(Prompt)
Retype the lines below exactly, from the one that contains "ranch-style home featuring" through the last, and leave every picture out.

Captioned web image data:
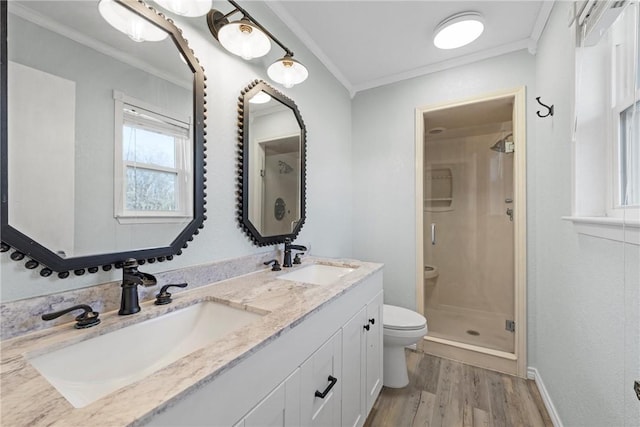 bathroom with walk in shower, crown molding, toilet, vanity, and hardwood / wood-style flooring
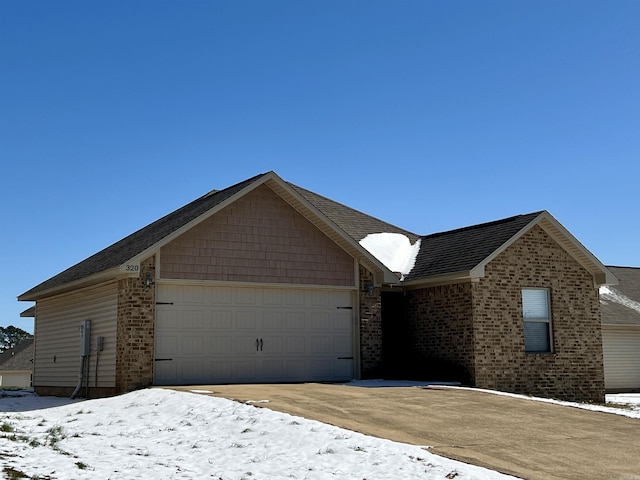 ranch-style home featuring brick siding, driveway, and an attached garage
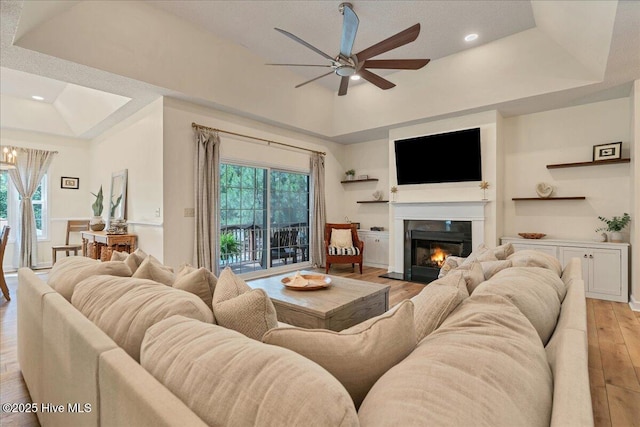 122 Smathers Dr, West End, NC 27376 - living area featuring a tray ceiling, light wood-style floors, ceiling fan, a glass covered fireplace, and recessed lighting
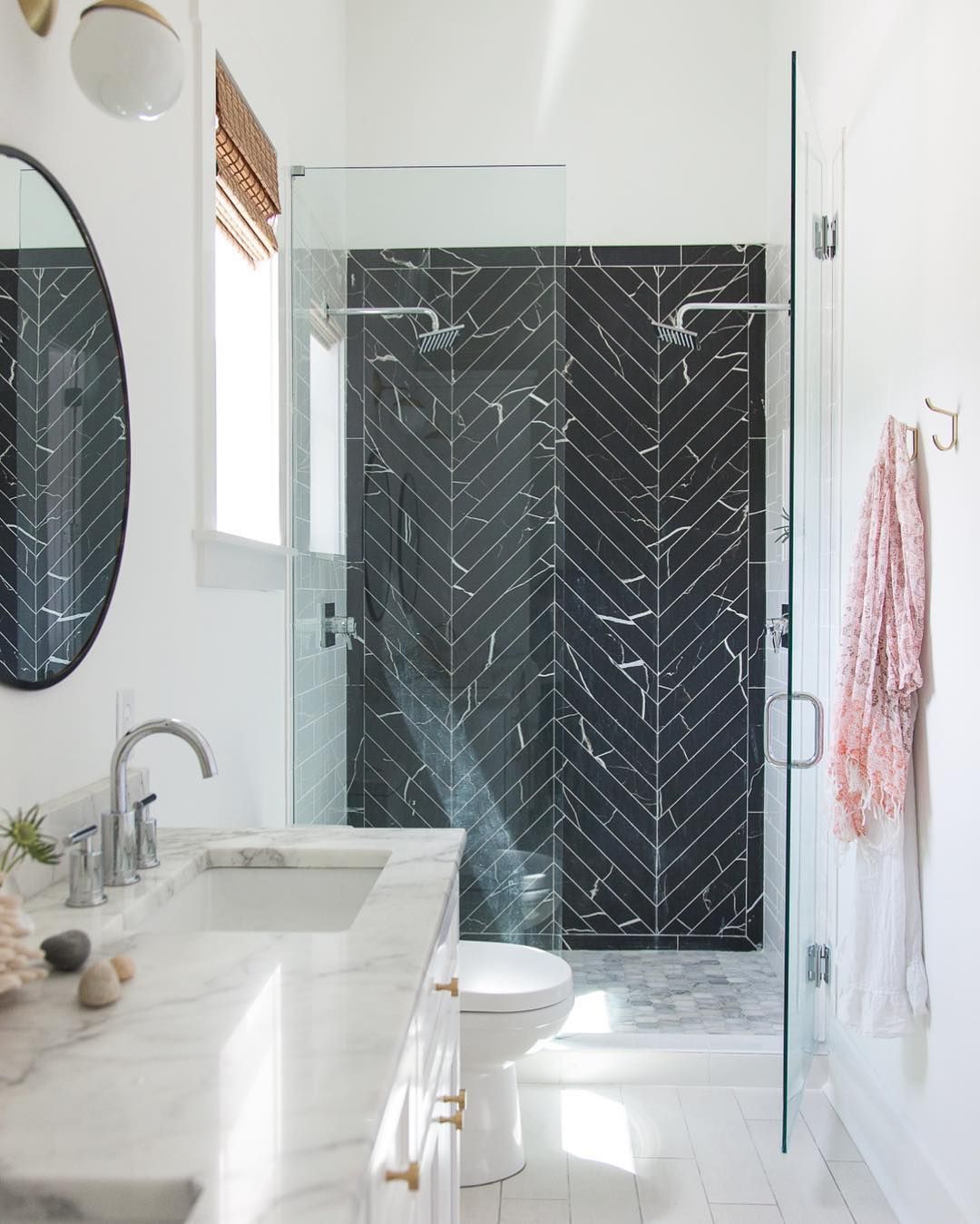 Bathroom shower with black marble herringbone tiles via @hannahcrowell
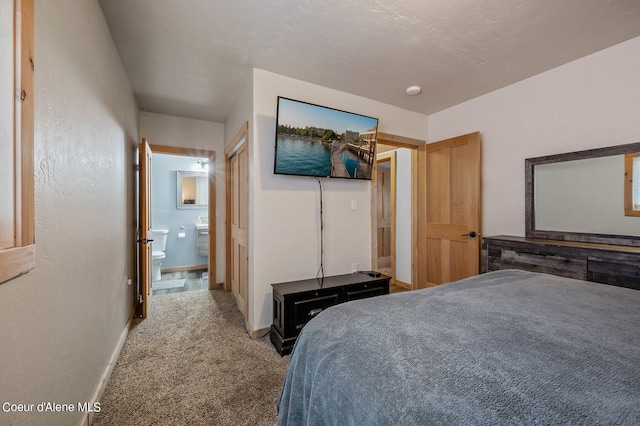 carpeted bedroom with ensuite bathroom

(Solution)
 ranch-style home featuring brick siding, driveway, and an attached garage
 122 Smathers Dr, West End, NC 27376 - living area featuring a tray ceiling, light wood-style floors, ceiling fan, a glass covered fireplace, and recessed lighting
 Bathroom shower with black marble herringbone tiles via @hannahcrowell
 carpeted bedroom with ensuite bathroom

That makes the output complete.